Write out the lines below once more, exactly as they appear. Do not include pictures.

→ **DATA EXCERPT**:
· · ·

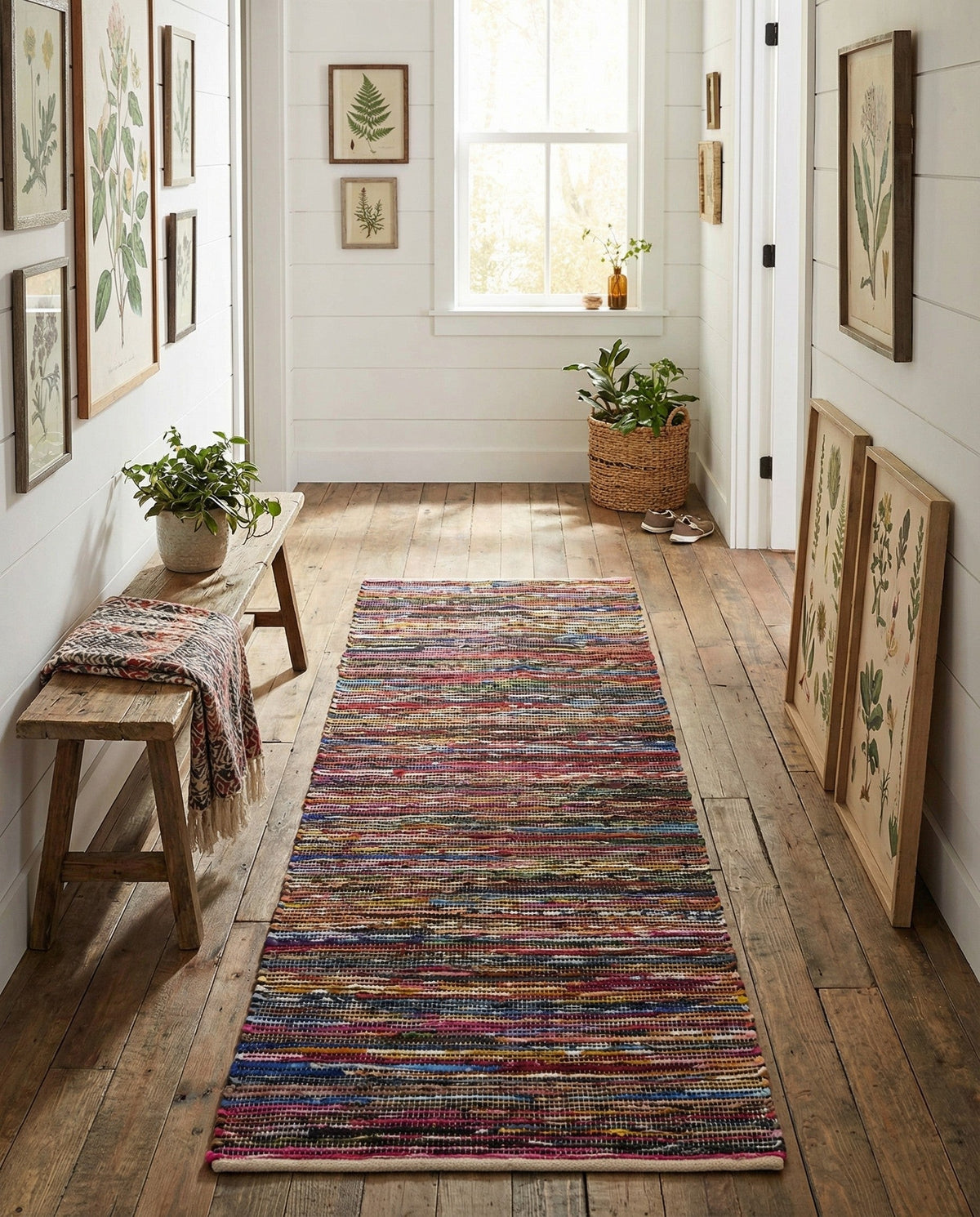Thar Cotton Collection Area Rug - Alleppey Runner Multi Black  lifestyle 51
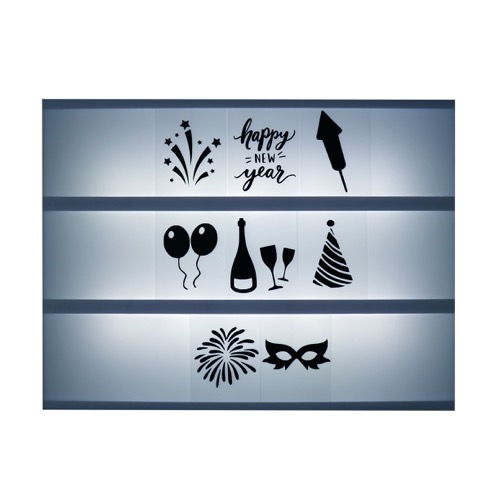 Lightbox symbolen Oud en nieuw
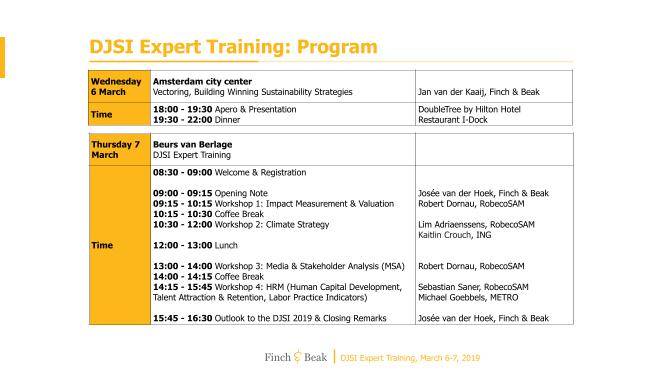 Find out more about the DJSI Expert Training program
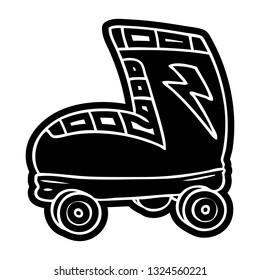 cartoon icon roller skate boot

· · ·

→ **SOLVED EXERCISE**:
Thar Cotton Collection Area Rug - Alleppey Runner Multi Black  lifestyle 51
 Lightbox symbolen Oud en nieuw
 Find out more about the DJSI Expert Training program
 cartoon icon roller skate boot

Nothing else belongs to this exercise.